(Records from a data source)

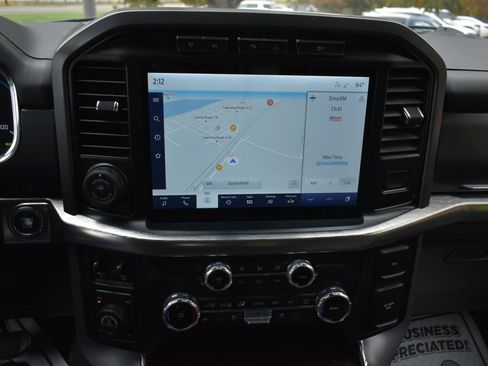 Used 2022 Ford F150 Lariat w/ Equipment Group 502A High image 25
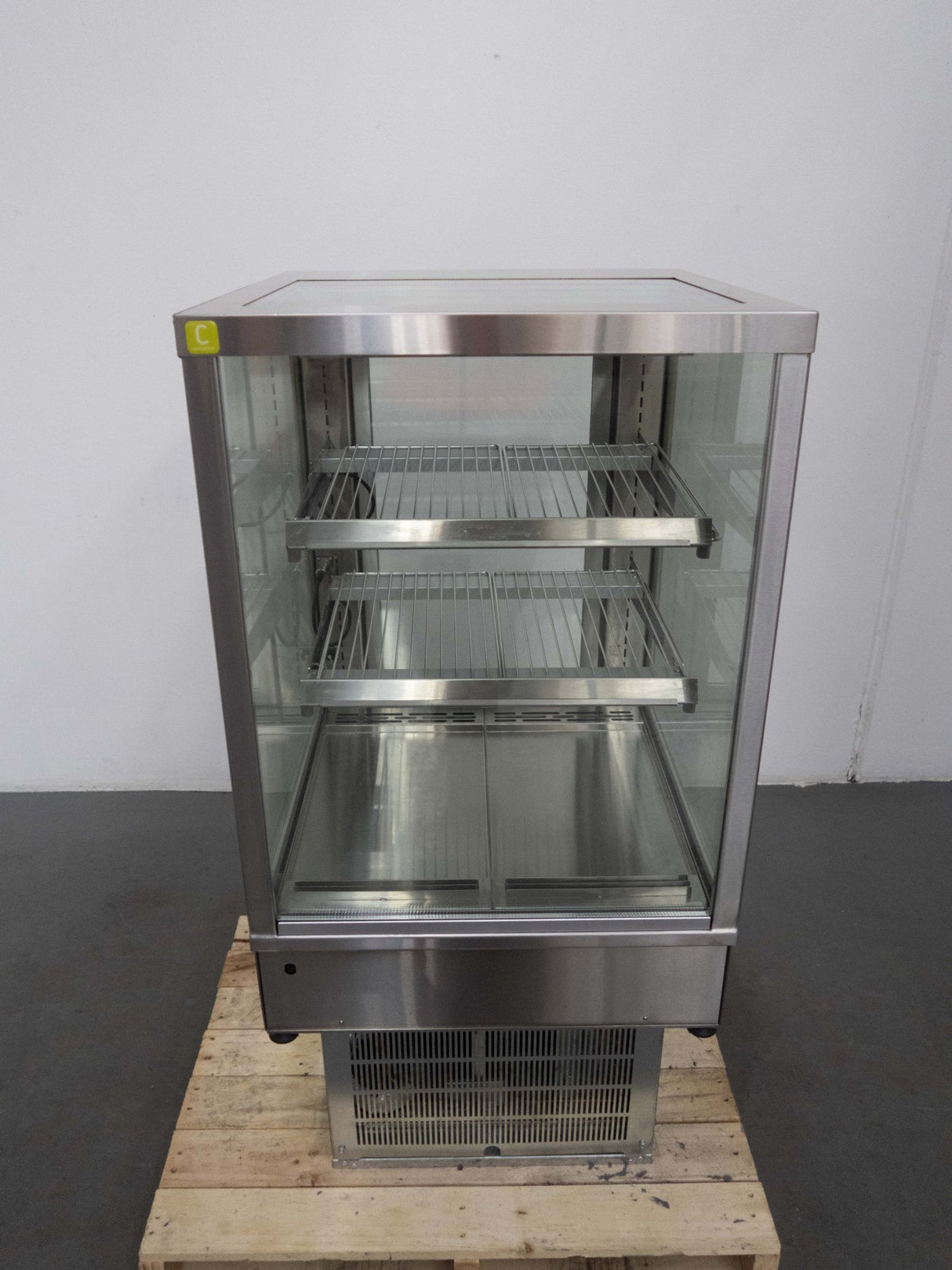 Cossiga STGRF6 Refrigerated Display - Whisk Hospitality - 825004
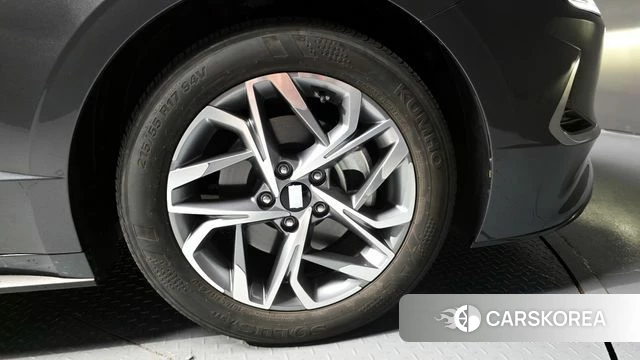 Hyundai Sonata (DN8) id 4231000 из Кореи 21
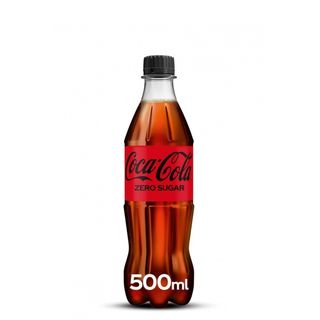 Coca-Cola Zero 0,5l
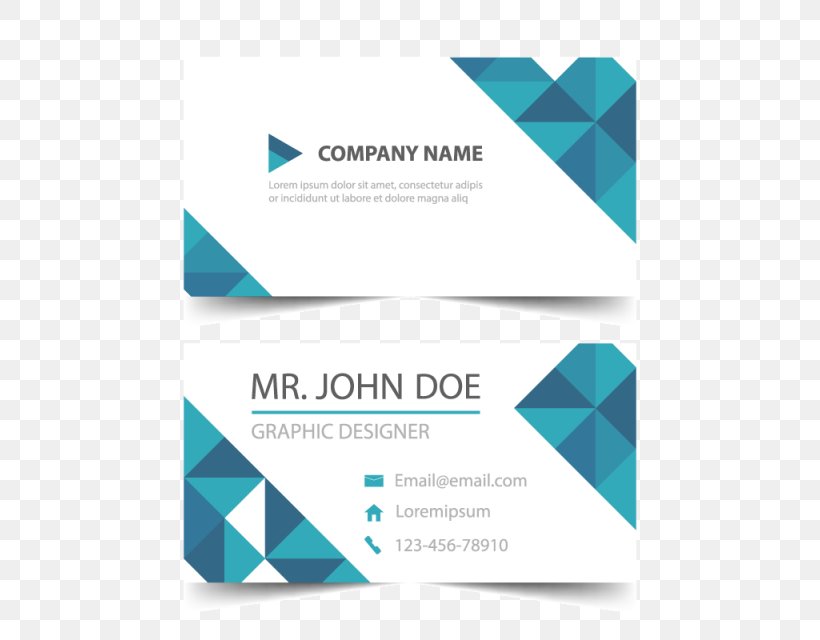 Logo Template Business Cards Visiting Card, PNG, 640x640px, Logo, Aqua, Brand, Business, Business Cards Download Free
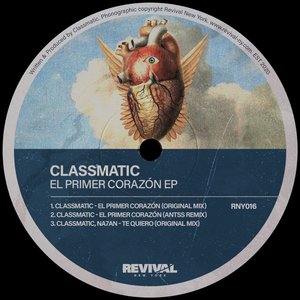 El Primer Corazón EP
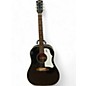 Used Gibson 1960s J-45 Reissue Black Acoustic Electric Guitar thumbnail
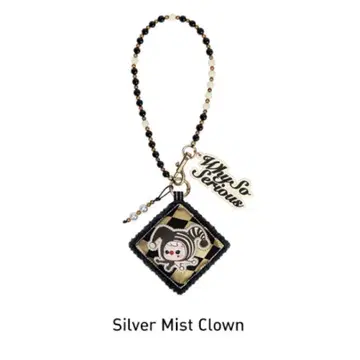 Why So Serious series Pendant 하치푸푸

Problem description: Would you transcribe each of the entries exactly, skipping the pictures?

Answer box:
 Used 2022 Ford F150 Lariat w/ Equipment Group 502A High image 25
 Cossiga STGRF6 Refrigerated Display - Whisk Hospitality - 825004
 Hyundai Sonata (DN8) id 4231000 из Кореи 21
 Coca-Cola Zero 0,5l
 Logo Template Business Cards Visiting Card, PNG, 640x640px, Logo, Aqua, Brand, Business, Business Cards Download Free
 El Primer Corazón EP
 Used Gibson 1960s J-45 Reissue Black Acoustic Electric Guitar thumbnail
 Why So Serious series Pendant 하치푸푸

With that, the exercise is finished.